Agreement and Memory (Christopher Hammerly, 5/11)

Agreement is weird. Agreement in English is especially weird, because we can’t seem to make up our minds about whether we want it or not (the answer is no, guys, come on, it’s not that hard). Making up our minds seems to be a common problem, though, especially when it comes to sentences like “The key to the cabinets is behind the sofa”. Chris Hammerly talks about why this sentence in particular is so often misconjugated.


Agreement holds between a noun and a verb, despite the distance. “To be” is conjugated as “are” when the noun is “the frogs”. It can happen between both objects and subjects in English. Example: Which pizza are the brothers eating?

English agrees over number and person for nouns and verbs, but other languages may do more (French – nouns and verbs, determiners, adjectives, participles, and quantifiers).

Agreement is weird, even just subject verb agreement.

  • Some languages have no agreement, some have lots of agreement
  • It’s redundant
  • Varies a lot over dialects
  • People make mistakes but it exists

Why does agreement occur?

  • A vestige of times before word order?
  • Additional information? (So that people can miss sounds and still understand)

Competence and performance is a division from the work of Chompsky

  • Competence – idealized knowledge of language, instinctive, what could happen, grammar
    • “The subject agrees with the verb”
  • Performance – actual behavior (we can’t actual construct a sentence with 100 words in between the noun and the verb, people would forget)
    • A process by which we check for subject-verb agreement

To study this, we combine principles from formal linguistics, where we describe an idealized system, and psychology, where we have findings about cognition’s organization and structure

Memory – Short term memory can hold 1-7 “chunks” and is very accurate and easily accessible (but fleeting). As time passes and/or you encounter new chunks, the chunks either pass into the buffer or are brought into short term memory. The chunks can be readied for storage or erased. Long term memory contains all the chunks that are kept, where are indexed somehow.

An experiment was done where a series of sentences were said and the participants raised their hands.

  • The runner on the road is jogging so fast the bicyclist can’t keep up
  • The soup in the bowls are going to get cold if they don’t get eaten soon <- this one is mistakingly labelled grammatically correct about 65% of the time
  • The eggs in the refrigerator are starting to rot and should be thrown out
  • The umbrellas next to the couch is drying quicker than he expected

The singular-noun plural-prepositional-phrase often trips people up (compared to plural-noun singular-prepositional-phrase, which doesn’t). This is called agreement attraction.

So why does attraction only happen here?

The leading idea uses “underspecification of features”.

Imagine that everything is represented as a bundle of features. We don’t know exactly what these features are, but they may include things like “animate”, “human”, “plural”, “male”, etc.
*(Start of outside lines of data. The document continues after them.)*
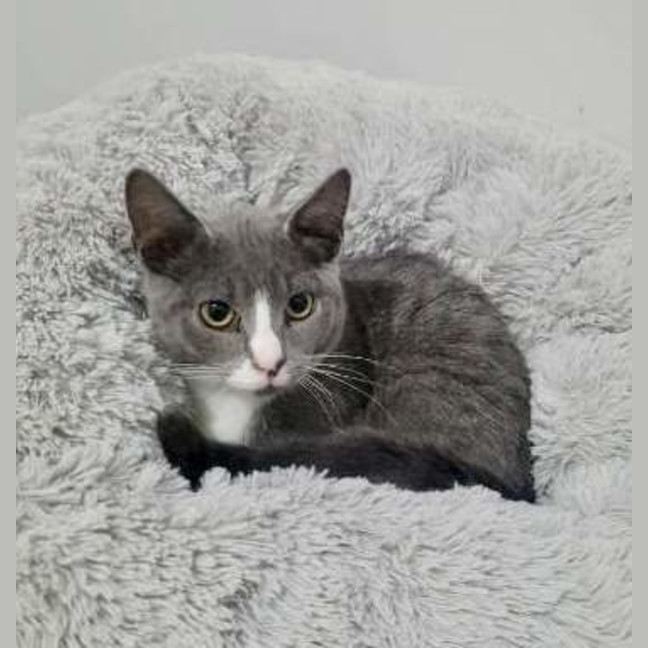 Photo of Percival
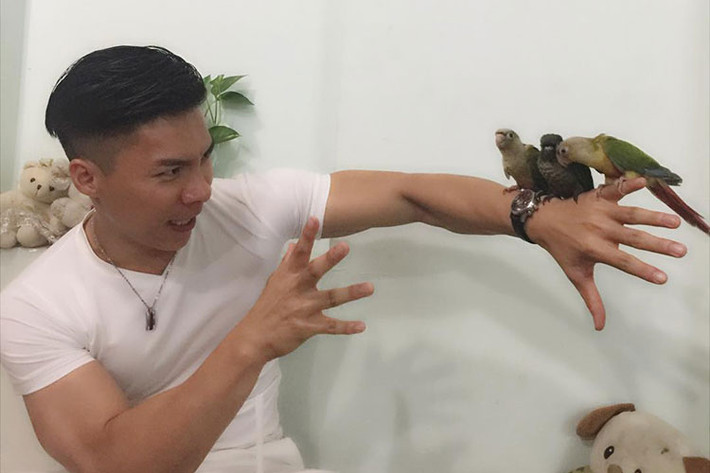 Hình ảnh Quốc Ngiệp diễn sâu làm ảo thuật với ba chú vẹt.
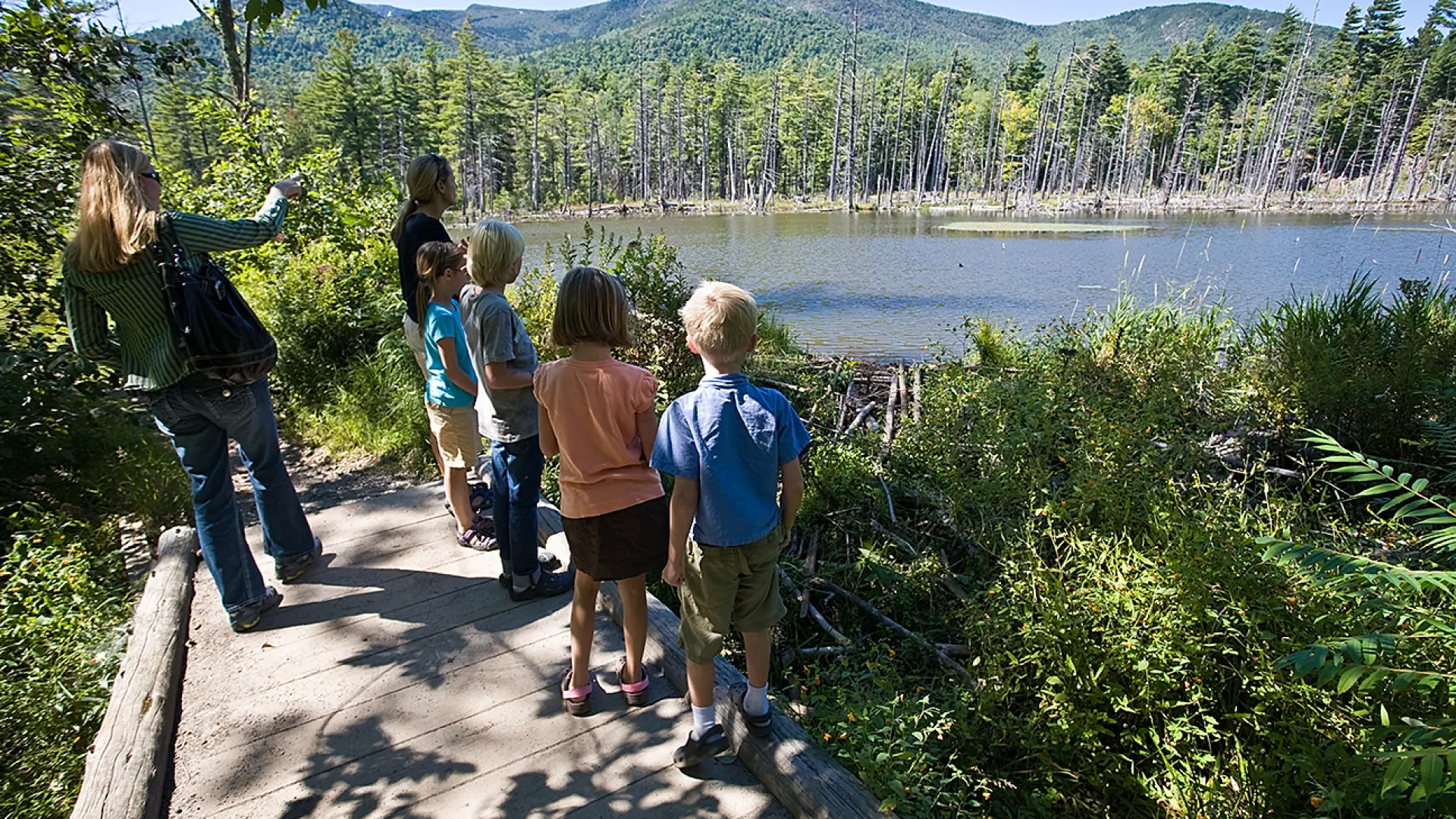 A group of kids and an adult at a scenic overlook of a lake
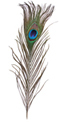 peacock feathers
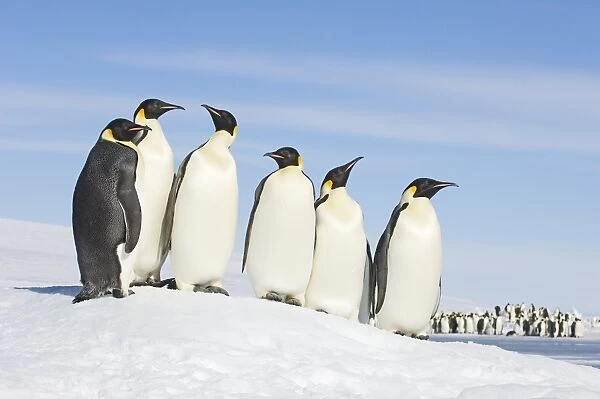 01949dt. Emperor Penguins Aptenodytes forsteri Snow Hill Island Antarctica November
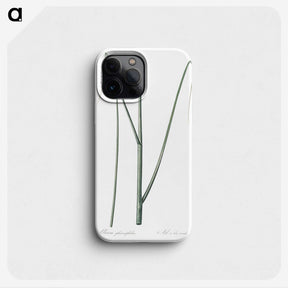 2-52_The-Lilies_phone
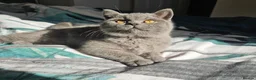 British Shorthair cats for sale: British Shorthair chunky girl - Advert 20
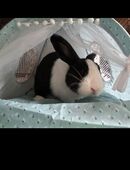 Zwei süße Kaninchen suchen ein neues Zuhause! in 71063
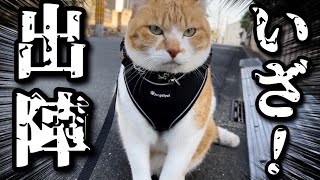 元野良猫の散歩にお供してみたI Went For A Walk With An ExHomeless Cat!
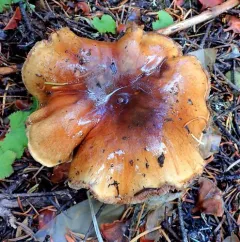 Phlegmacium variosimile thumbnail 2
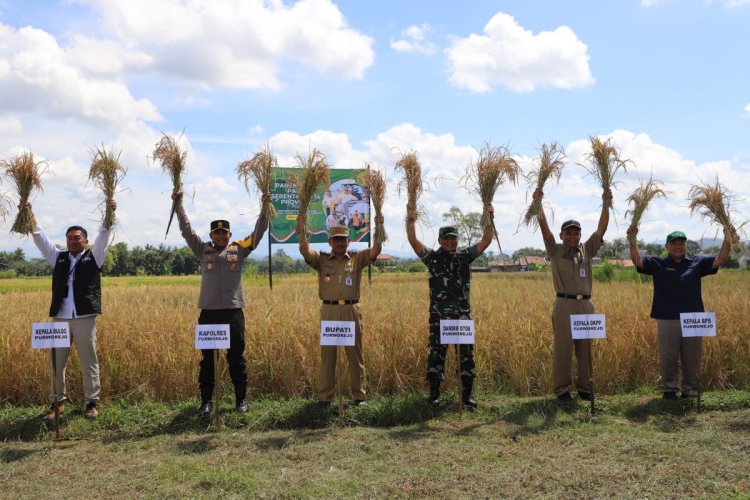 Purworejo Ikuti Panen Raya Padi Serentak 14 Provinsi bersama Presiden  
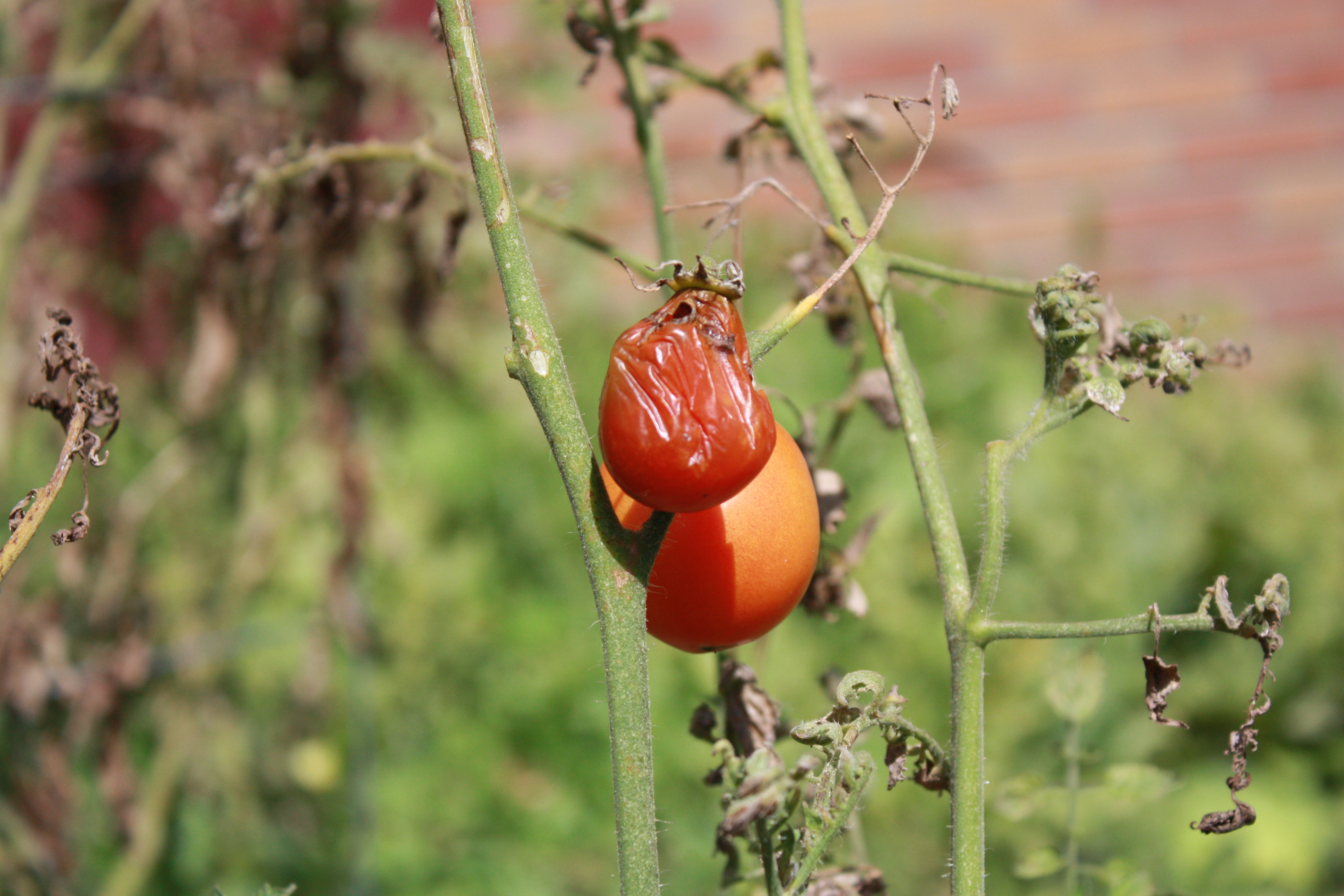 Tomato Tomato, it sounds the same in the USA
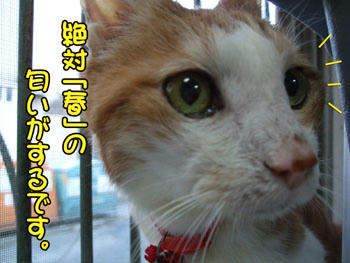 w( ̄▽ ̄;)wワオッ!! 強気な眼差し☆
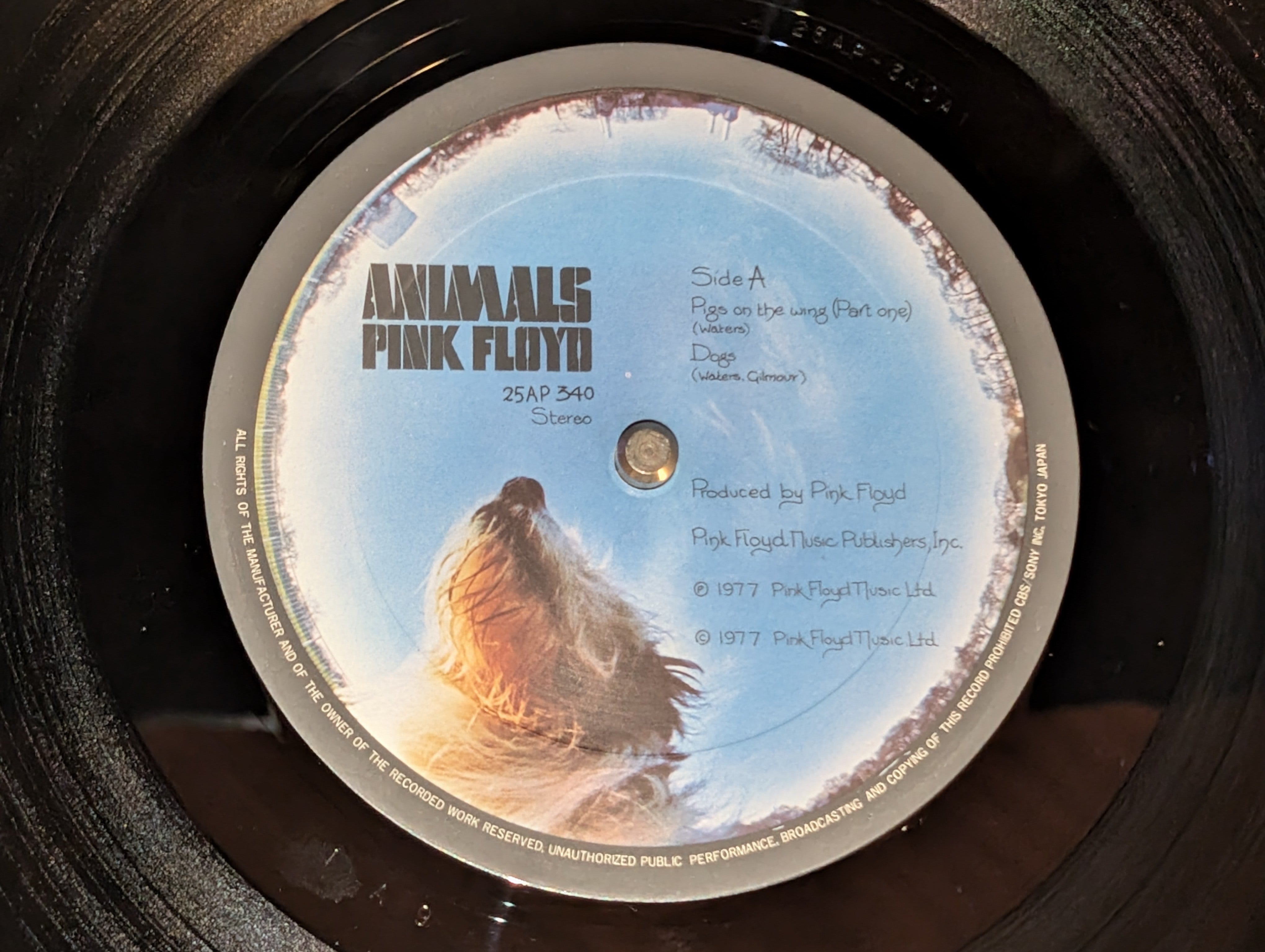 Pink Floyd - Animals  アニマルズ *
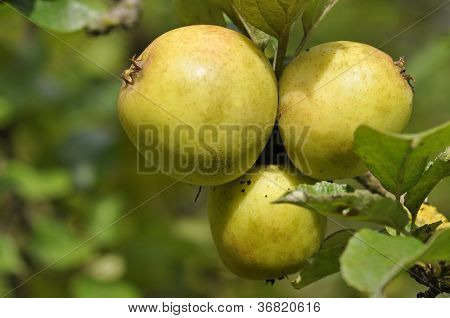 Bio jablka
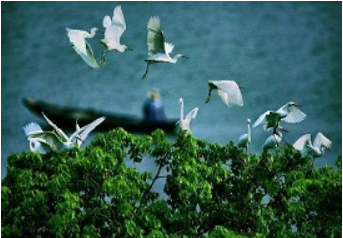 全國(guó)人大解決方案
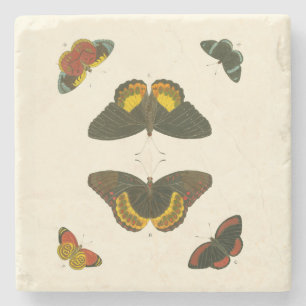 Bright Butterflies by Pieter Cramer Stone Coaster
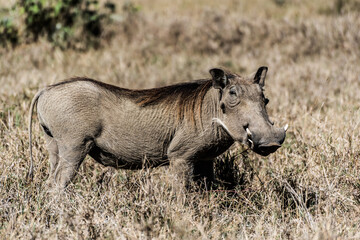 Warthog in national park Masai Mara Kenya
These features let us group things and filter.

However, in a system like this, a singular noun is not represented by the presence of a “singular” feature. It is the default (unmarked) form whereas a plural noun is marked. It is underspecified.


The soup in the bowls are going to get cold

“The soup” is labelled as the subject, “the bowls” is labelled as plural, and “are” is labelled as plural and the verb.

In normal processing, people may predict the next features that will be given using knowledge. If a preposition is giving, we can expect a prepositional phrase. Retrieval is also initiated over the memory of the sentence to check for problems.

Two theories of agreement attraction

  • Misrepresentation – The subject is always retrieved, but sometimes it has the wrong number feature because our memory is flawed.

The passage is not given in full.